Kisspeptin's role as a master regulator of the HPG axis was discovered in 2003, following the identification of the KISS1 gene and its receptor GPR54 as critical for normal pubertal development and reproductive function. Loss-of-function mutations in GPR54 were found to cause idiopathic hypogonadotropic hypogonadism — a condition where the HPG axis fails to activate properly — establishing kisspeptin signalling as essential for reproductive function. Research has since investigated kisspeptin for its potential role in the treatment of hypogonadism, fertility disorders, and as a tool to study GnRH pulse dynamics.

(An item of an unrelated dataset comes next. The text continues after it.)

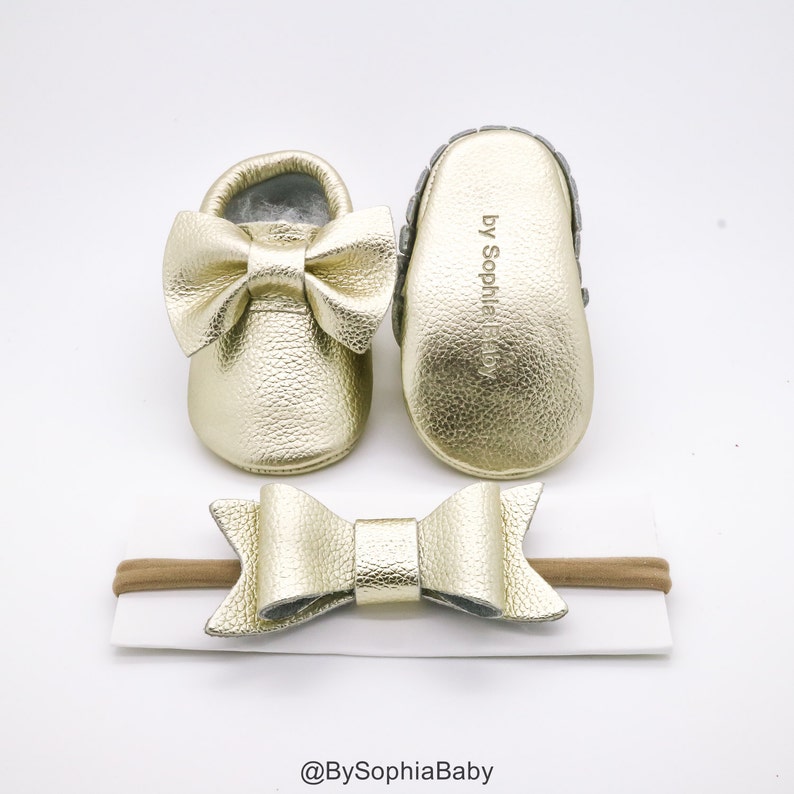 Baby Moccasins, Baby Gold Bow Moccasins, Baby Leather Shoes, Genuine Leather Moccs, Toddler Moccasins, Christmas Baby Moccs, Baby Moccasins image 2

PT-141 (Bremelanotide) was developed from the broader melanocortin research programme that also produced Melanotan I and Melanotan II. Unlike MT-II, which was developed primarily for pigmentation and has a broad receptor profile, PT-141 was specifically optimised for the sexual arousal indication through MC3R and MC4R receptor activity. It received FDA approval in 2019 as Vyleesi for the treatment of hypoactive sexual desire disorder (HSDD) in premenopausal women — making it one of the few research-community peptides to have achieved pharmaceutical approval for a sexual health indication.
Kisspeptin
Kisspeptin-10 is the shortest, most commonly described isoform in research contexts; Kisspeptin-54 is the primary circulating form and most used in clinical trials. Research has investigated kisspeptin for its potential role in hypogonadotropic hypogonadism, male fertility, female reproductive cycle regulation, and testosterone support. Commonly reported research protocols describe subcutaneous or intravenous administration. Not approved as a pharmaceutical; classified as a research compound.
PT-141 (Bremelanotide)
FDA-approved as Vyleesi (1.75 mg subcutaneous auto-injector) for HSDD in premenopausal women. Research community use extends to a wider range of doses and indications. Commonly reported doses range from 500 mcg to 2 mg subcutaneously. Reported side effects in research and anecdotal accounts include nausea (the most common), facial flushing, transient hyperpigmentation with repeated use, and transient blood pressure elevation.